If you have multiple federal student loans, you can apply for a Direct Consolidation Loan, which is a program that allows you to combine these loans into one. The interest rate on this new loan will be a weighted average of the old loans, and you’ll have the option to repay your loan for a longer period of time (up to 30 years), which will lower your monthly payments.
There are some downsides, however. When you extend your loan repayment, you end up paying more in interest over time. Any outstanding interest on your existing loans will get capitalized, which means that it’ll get added to the principal, or original amount of the loan. In other words, future interest charged on your new loan will be based on a higher principal amount. Additionally, you may lose some benefits to your existing loans, such as progress towards student loan forgiveness.
A private consolidation or refinance loan is a loan from a financial institution like a bank or credit union, and it typically allows you to combine federal and private loans into one. Unlike the Direct Consolidation Loan, a private consolidation or refinance loan may be able to offer you a lower rate than you’re currently paying—which would lower your monthly payment. It is important to note that if you consolidate federal loans into a private consolidation loan, you’ll lose benefits associated with those loans.
How do I actually consolidate my student loans?
You can apply for a Direct Consolidation Loan online at studentaid.gov. It’ll take about 30 minutes, and you’ll need your FSA ID, some personal information, and financial information (much of which you can find by logging in to your federal education loan account).
For a private consolidation or refinancing loan, you’ll have to choose a lender and then follow that organization’s instructions. A Discover Private Consolidation Loan application takes about 15 minutes, and you can do it online or over the phone. You’ll be asked to choose the type of interest rate you want (variable or fixed), verify the loans you want to consolidate, and then sign and accept your loans (all online). Get started and apply for a Discover Private Consolidation Loan today.
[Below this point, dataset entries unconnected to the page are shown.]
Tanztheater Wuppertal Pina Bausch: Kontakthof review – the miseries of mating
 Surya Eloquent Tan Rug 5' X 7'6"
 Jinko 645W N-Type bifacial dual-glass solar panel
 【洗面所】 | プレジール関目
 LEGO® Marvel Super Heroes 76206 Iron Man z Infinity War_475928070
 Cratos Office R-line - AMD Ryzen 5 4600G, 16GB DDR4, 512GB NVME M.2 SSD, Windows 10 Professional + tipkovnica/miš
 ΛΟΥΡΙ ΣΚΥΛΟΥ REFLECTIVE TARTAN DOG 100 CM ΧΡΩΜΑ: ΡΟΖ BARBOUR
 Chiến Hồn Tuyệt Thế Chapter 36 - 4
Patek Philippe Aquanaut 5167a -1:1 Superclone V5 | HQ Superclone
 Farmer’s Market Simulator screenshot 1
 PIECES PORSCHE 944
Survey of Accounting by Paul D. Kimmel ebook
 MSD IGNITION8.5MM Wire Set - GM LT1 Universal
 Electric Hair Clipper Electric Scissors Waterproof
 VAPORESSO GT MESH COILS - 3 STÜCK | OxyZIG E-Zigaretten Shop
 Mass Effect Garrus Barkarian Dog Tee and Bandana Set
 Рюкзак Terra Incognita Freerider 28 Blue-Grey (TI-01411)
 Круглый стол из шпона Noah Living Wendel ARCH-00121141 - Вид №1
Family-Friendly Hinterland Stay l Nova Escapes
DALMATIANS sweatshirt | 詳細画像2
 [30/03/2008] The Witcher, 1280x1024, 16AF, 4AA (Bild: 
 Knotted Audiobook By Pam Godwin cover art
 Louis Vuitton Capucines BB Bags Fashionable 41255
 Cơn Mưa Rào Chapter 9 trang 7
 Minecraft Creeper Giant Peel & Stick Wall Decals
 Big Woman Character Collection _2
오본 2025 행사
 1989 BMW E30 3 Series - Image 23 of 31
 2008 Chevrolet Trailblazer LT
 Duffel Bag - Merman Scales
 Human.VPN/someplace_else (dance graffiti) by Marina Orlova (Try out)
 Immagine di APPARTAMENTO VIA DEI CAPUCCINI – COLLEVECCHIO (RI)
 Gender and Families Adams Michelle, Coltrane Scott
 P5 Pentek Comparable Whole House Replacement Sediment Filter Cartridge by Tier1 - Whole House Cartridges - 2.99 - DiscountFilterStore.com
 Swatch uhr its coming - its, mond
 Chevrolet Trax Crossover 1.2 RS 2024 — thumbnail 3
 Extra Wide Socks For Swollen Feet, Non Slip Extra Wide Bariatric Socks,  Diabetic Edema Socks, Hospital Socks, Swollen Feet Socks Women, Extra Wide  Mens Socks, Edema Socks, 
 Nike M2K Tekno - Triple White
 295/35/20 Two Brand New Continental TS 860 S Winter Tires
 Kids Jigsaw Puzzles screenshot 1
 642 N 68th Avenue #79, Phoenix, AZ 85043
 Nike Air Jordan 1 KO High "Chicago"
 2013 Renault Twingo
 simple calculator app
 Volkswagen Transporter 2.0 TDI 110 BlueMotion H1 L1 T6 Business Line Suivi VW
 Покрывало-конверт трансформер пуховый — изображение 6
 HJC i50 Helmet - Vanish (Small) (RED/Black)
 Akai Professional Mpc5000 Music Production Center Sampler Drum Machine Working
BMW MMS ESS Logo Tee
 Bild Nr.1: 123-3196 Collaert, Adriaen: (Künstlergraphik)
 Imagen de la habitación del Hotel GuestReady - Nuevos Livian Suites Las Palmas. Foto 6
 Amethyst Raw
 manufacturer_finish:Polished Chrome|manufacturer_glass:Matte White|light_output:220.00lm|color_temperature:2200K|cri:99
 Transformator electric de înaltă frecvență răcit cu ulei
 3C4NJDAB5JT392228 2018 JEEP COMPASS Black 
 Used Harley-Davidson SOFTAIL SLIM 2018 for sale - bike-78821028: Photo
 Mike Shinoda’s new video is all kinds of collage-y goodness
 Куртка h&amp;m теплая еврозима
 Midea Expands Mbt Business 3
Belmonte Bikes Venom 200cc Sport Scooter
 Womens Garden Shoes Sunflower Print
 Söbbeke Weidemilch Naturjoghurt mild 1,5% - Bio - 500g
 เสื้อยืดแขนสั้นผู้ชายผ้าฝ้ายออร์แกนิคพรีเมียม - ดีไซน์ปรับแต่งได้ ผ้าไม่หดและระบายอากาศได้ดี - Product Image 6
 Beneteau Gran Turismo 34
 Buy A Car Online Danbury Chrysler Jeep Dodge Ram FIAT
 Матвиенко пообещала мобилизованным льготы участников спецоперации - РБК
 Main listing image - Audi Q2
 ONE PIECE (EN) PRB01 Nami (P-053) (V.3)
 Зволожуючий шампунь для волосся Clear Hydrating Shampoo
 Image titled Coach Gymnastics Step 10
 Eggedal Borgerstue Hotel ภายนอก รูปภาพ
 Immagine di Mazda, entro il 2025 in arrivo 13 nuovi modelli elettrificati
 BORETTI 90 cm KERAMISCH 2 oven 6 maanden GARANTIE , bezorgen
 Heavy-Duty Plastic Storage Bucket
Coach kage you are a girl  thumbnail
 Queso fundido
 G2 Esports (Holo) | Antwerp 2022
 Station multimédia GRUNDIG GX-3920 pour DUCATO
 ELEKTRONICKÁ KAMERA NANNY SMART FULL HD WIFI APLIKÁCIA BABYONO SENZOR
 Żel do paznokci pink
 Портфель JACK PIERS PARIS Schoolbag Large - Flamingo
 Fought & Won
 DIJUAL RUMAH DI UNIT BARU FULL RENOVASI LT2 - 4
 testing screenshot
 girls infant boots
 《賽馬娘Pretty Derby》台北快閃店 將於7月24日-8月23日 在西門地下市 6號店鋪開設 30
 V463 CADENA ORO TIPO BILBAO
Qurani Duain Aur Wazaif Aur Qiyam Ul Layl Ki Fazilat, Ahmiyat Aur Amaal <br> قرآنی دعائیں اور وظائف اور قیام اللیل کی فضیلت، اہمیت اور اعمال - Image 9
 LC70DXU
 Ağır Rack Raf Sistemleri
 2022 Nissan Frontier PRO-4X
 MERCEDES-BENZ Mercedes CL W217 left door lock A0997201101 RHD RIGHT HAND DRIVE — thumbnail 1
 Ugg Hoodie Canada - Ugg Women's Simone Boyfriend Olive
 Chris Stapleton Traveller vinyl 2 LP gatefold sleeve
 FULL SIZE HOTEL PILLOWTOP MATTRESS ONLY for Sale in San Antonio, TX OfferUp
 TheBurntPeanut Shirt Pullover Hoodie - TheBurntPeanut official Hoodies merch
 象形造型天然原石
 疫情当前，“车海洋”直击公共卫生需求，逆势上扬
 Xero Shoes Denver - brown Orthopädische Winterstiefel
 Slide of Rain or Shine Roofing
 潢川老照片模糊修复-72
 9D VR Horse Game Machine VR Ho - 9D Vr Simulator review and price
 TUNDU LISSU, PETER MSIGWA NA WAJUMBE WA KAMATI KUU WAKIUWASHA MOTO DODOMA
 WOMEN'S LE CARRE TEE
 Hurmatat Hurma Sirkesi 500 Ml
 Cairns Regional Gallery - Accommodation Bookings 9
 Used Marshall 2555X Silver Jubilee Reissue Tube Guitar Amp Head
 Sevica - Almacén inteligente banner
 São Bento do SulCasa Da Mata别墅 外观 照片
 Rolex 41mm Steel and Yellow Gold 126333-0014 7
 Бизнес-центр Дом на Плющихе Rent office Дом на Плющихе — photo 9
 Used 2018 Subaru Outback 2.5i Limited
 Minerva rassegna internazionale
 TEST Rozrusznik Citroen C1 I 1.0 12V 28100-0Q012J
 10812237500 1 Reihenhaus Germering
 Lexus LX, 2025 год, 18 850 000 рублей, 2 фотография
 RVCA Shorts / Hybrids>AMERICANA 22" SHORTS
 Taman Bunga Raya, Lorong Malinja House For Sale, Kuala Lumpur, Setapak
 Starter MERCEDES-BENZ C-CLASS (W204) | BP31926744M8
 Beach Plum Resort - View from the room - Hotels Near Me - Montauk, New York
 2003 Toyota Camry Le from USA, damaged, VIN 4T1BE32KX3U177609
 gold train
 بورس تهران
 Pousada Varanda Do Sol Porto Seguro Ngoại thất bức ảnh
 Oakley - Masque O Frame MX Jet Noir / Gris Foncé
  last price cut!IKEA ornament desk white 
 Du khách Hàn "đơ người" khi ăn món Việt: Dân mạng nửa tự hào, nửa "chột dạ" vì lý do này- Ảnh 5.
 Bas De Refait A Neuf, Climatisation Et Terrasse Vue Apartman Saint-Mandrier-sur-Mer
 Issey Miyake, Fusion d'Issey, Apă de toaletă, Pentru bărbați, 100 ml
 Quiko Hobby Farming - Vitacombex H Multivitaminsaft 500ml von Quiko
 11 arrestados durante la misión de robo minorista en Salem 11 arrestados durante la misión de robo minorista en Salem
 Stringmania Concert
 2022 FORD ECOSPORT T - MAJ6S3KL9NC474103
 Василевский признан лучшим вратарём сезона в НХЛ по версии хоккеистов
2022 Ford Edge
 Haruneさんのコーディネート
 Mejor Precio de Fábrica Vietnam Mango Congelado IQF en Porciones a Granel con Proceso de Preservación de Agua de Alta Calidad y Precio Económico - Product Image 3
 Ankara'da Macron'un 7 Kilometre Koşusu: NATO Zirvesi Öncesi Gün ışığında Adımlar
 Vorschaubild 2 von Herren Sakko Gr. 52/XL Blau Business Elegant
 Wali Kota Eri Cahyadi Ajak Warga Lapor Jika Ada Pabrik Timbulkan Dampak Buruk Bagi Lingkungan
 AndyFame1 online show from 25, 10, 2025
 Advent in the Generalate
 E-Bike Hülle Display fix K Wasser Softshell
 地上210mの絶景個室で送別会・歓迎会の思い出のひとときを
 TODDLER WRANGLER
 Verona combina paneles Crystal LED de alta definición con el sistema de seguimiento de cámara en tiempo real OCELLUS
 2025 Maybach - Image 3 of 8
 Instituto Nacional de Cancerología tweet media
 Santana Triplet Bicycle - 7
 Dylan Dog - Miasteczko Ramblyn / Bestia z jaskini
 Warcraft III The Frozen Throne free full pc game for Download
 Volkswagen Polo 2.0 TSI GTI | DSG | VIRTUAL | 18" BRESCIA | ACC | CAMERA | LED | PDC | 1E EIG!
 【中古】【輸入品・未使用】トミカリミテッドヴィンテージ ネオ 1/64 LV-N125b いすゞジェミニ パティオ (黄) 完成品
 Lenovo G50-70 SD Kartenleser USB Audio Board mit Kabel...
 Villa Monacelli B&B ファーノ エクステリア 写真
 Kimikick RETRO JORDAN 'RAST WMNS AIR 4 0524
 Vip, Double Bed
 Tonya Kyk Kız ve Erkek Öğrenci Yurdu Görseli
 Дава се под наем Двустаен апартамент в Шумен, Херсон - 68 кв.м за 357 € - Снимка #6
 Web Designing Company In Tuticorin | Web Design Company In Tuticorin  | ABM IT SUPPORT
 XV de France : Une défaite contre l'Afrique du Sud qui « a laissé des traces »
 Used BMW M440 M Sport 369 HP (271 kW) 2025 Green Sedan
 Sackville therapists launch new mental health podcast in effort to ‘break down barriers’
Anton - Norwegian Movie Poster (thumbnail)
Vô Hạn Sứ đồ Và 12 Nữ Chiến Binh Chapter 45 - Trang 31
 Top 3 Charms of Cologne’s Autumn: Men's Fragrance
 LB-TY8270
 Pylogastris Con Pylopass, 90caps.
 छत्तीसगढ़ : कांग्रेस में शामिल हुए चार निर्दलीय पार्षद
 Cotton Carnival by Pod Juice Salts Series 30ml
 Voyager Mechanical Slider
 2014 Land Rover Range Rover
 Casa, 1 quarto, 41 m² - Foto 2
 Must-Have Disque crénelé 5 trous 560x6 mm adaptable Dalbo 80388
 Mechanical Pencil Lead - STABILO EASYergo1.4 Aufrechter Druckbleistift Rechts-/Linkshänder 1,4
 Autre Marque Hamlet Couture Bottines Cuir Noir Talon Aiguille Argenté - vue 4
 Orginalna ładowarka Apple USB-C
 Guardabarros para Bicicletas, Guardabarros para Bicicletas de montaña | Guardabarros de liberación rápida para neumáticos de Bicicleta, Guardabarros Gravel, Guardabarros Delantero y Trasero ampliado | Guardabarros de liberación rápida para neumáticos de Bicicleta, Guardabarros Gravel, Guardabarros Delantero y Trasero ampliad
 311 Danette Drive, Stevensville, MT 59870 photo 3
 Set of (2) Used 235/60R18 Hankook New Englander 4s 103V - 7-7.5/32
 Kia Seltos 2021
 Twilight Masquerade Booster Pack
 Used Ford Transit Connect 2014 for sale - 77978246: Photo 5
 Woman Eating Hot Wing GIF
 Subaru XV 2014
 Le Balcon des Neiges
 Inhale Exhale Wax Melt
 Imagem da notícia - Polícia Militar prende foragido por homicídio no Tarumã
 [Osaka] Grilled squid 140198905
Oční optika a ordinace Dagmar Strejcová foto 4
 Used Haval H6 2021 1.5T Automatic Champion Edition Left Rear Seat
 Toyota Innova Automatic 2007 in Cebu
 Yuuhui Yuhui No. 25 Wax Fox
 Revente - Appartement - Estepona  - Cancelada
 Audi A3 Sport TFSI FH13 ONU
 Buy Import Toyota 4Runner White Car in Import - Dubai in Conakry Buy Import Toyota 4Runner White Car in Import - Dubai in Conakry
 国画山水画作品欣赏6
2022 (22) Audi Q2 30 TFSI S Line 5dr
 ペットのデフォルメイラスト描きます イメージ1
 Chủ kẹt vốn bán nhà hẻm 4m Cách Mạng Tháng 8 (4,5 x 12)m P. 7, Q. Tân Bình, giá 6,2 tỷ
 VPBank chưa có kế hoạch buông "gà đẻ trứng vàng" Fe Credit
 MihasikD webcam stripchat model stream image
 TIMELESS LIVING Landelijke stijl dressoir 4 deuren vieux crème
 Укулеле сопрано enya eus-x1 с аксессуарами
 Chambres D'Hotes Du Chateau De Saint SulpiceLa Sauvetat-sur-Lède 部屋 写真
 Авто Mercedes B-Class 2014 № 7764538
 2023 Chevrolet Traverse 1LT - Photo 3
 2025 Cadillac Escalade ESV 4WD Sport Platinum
So I consolidated my loan. What now?
Now that you have a single payment due each month (and perhaps even a lower monthly minimum to pay), the repayment process can be easier to manage. In order to stay on top of your finances, work out a rough budget for yourself that includes your new monthly. If you can, work a slightly higher number into your budget and pay off more than the minimum each month, or throw some extra money towards your loan when you have it (like when you get a tax refund), as it can get you to the finish line faster. Either way, a life free of student loan debt is on the horizon.